WHAT NEEDS TO BE DONE: In the listing that follows, the lines starting at the one containing "Invitation to Libya Build 2022" and ending at the one containing "查看漫画暴君會長的嬌媳們 - 第37話-媳婦女女互舔&hearts;" are to be returned exactly, both boundary lines included, and no others.

DATA TO USE:
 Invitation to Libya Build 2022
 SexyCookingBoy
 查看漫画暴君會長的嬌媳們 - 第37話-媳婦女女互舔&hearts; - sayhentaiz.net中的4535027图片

...

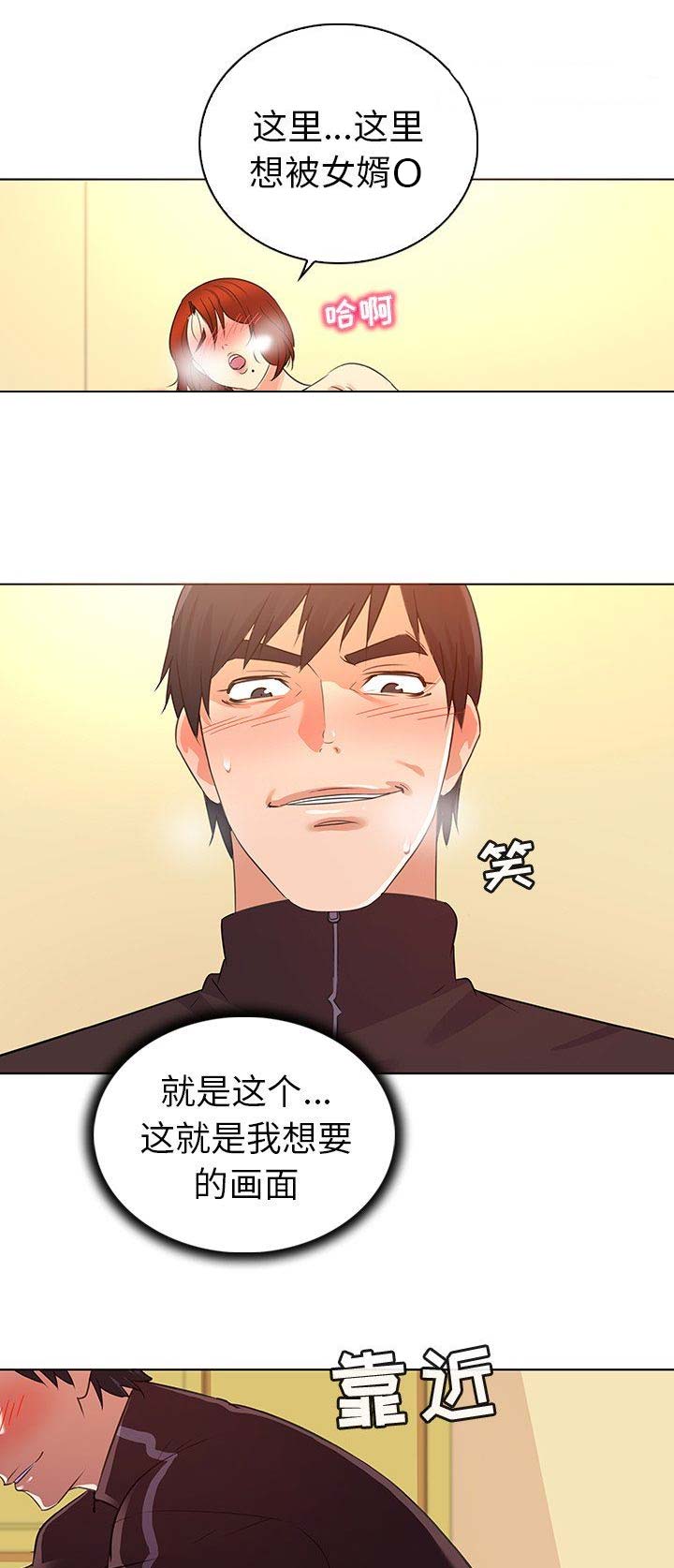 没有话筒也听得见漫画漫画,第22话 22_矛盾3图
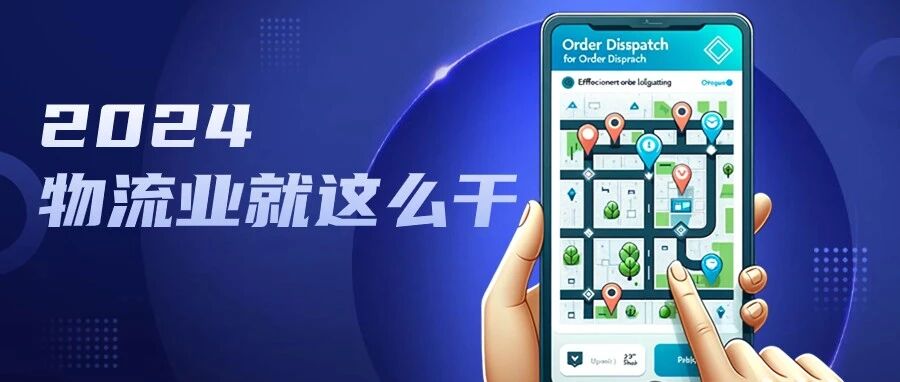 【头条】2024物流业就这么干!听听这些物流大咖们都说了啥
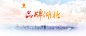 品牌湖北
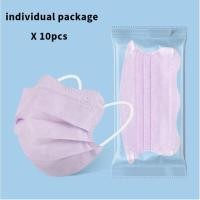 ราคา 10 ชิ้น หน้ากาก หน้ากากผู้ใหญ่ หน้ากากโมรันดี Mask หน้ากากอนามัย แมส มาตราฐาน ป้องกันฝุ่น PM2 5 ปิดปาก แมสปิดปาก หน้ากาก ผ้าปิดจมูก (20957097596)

---

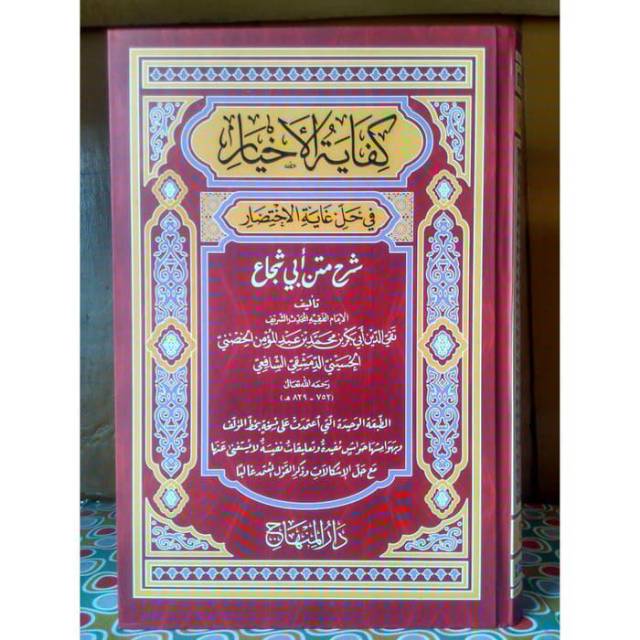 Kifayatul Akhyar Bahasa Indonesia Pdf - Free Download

OUTPUT:
 Invitation to Libya Build 2022
 SexyCookingBoy
 查看漫画暴君會長的嬌媳們 - 第37話-媳婦女女互舔&hearts; - sayhentaiz.net中的4535027图片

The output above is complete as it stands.